* **What the task requires**
Please, without any pictures, set down exactly the part of the listing below that opens with the line containing "How to Re Submit" and closes with the line containing "Sandal jepit pria".

(Beginning of The data)

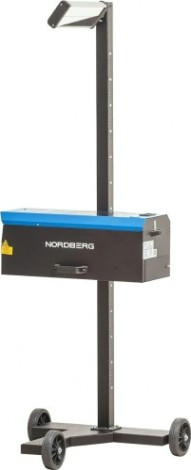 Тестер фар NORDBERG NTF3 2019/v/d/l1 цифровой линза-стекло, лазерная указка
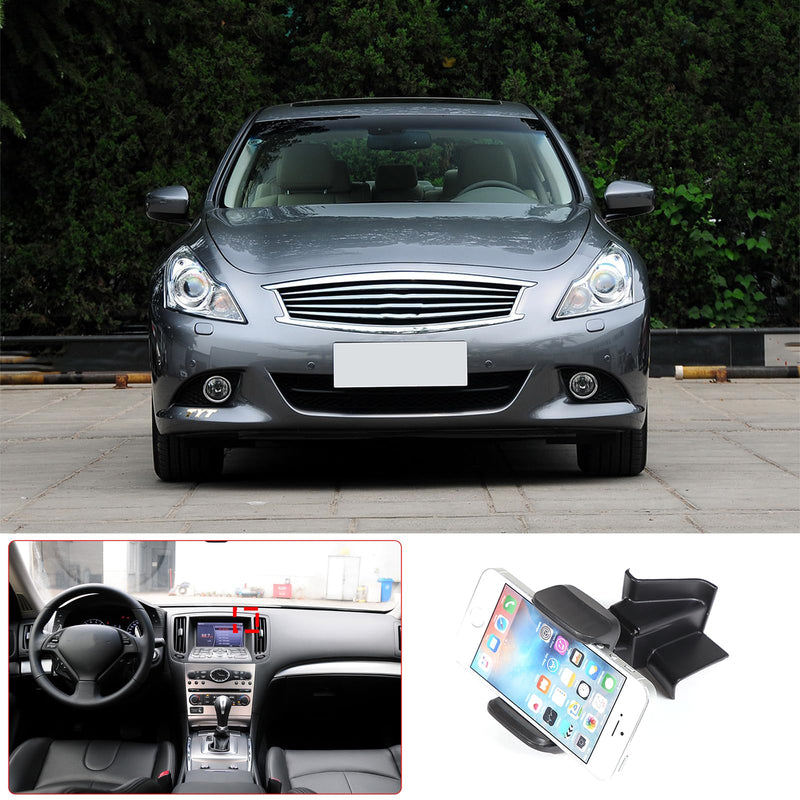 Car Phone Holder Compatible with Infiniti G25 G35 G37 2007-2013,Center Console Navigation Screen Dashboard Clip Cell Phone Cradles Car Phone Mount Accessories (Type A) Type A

(End of The data)
(Beginning of The data)

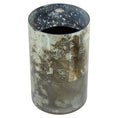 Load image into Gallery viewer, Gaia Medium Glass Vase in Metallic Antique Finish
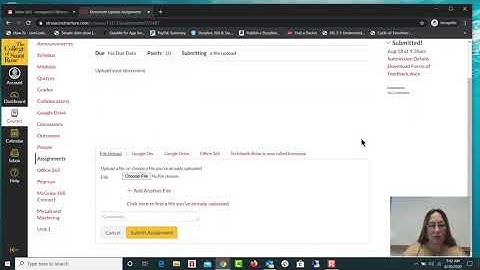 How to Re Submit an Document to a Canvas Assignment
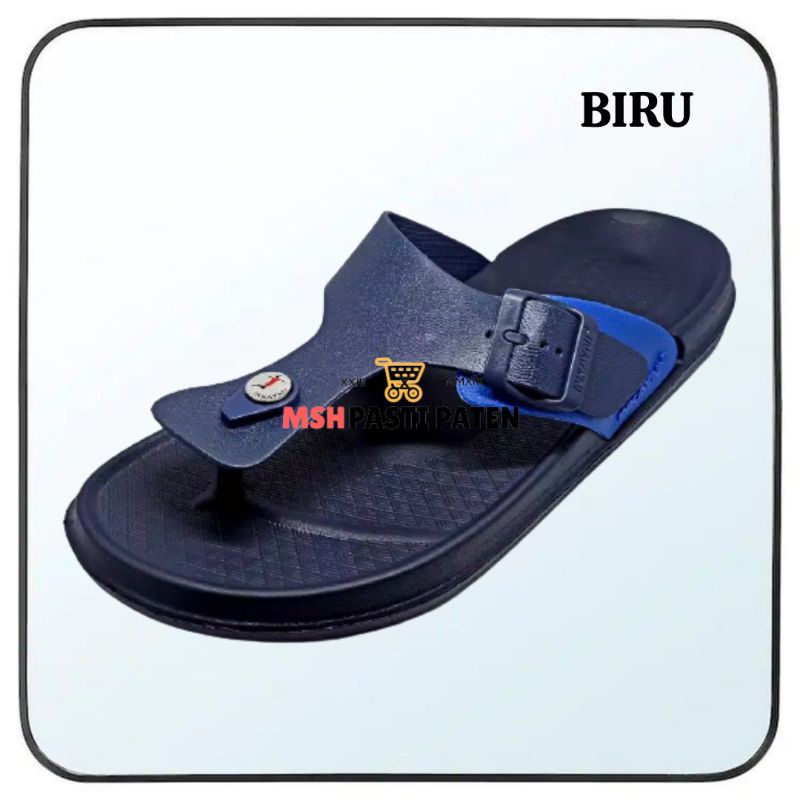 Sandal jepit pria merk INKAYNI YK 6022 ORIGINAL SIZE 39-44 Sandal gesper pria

(End of The data)
(Beginning of The data)

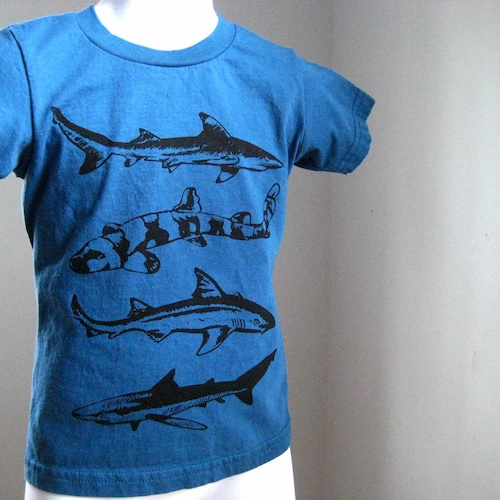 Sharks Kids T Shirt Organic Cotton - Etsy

(End of The data)

* **Exercise response**
 How to Re Submit an Document to a Canvas Assignment
 Sandal jepit pria merk INKAYNI YK 6022 ORIGINAL SIZE 39-44 Sandal gesper pria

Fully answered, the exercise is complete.